She has spent years and years perfecting the way she practices, sleeps a ton,
and hustles hard for gigs. She’s highly systematic as to how she memorizes her
music, learns how to pronounce words in different languages, practices
technique.

Less successful singers in our network can’t be this efficient. They struggle
at sight reading despite years of practice. They take hours to learn new music
as opposed to minutes. My fiancé takes minutes to learn music and hours to
perfect. They work their ass off practicing their Italian accents but are
never quite perfect.

My fiancé works hard but all her work has compounded over the years because
she has an incredible talent for memorization, languages, and likely perfect
pitch.

I’m a good programmer, not great like John Carmack.
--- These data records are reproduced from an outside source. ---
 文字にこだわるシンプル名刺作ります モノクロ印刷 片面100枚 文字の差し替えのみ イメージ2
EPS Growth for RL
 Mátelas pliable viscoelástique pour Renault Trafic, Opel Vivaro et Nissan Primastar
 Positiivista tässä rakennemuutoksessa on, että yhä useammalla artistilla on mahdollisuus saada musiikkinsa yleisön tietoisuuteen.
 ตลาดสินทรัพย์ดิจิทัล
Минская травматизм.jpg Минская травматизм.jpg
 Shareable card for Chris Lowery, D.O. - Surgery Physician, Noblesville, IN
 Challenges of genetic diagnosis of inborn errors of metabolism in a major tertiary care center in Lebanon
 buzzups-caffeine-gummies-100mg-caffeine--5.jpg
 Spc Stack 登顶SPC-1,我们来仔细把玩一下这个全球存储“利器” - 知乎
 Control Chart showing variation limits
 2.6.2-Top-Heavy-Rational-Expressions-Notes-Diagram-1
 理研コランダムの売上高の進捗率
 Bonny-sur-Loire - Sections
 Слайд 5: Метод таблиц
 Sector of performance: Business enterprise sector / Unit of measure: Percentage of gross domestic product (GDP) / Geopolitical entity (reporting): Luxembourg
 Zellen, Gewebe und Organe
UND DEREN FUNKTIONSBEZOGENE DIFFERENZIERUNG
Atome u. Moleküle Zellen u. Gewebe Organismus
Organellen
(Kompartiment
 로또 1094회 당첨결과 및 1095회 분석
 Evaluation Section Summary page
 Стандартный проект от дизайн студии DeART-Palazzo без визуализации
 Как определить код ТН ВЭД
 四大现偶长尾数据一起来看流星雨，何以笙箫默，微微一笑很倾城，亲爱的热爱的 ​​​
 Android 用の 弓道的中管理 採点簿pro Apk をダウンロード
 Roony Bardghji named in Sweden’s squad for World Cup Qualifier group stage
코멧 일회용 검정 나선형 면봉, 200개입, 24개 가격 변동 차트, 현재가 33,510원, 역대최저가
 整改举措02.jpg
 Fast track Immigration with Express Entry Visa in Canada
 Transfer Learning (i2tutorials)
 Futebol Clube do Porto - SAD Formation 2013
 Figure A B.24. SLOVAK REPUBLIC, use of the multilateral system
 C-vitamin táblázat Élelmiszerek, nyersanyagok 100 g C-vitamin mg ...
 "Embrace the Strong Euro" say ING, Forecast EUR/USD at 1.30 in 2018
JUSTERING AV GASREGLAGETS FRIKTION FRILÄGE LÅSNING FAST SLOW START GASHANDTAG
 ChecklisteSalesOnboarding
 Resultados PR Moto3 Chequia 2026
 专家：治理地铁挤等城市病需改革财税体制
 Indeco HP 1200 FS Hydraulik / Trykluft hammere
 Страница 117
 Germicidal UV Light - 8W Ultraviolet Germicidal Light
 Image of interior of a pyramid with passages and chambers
I get stuff done but I
have to work to the point of exhaustion at times. Personally I don’t think
this sort of elite relaxation is available to everyone and may be just
specific to musicians.

------
RangerScience
People are focusing on this term "busyness", but what I see resembles more
"deliberateness".

It's like... Let's theorize that the underlying mechanism of excellence is
"strength of focus", in the same way that weight lifting is "strength of
muscles". The elite player's practice schedule then resembles HIT vs the
average player's aerobics.

It's similar to how work/life balance isn't just about leaving the office, but
about having something to _do_ that is for your life (instead of your work).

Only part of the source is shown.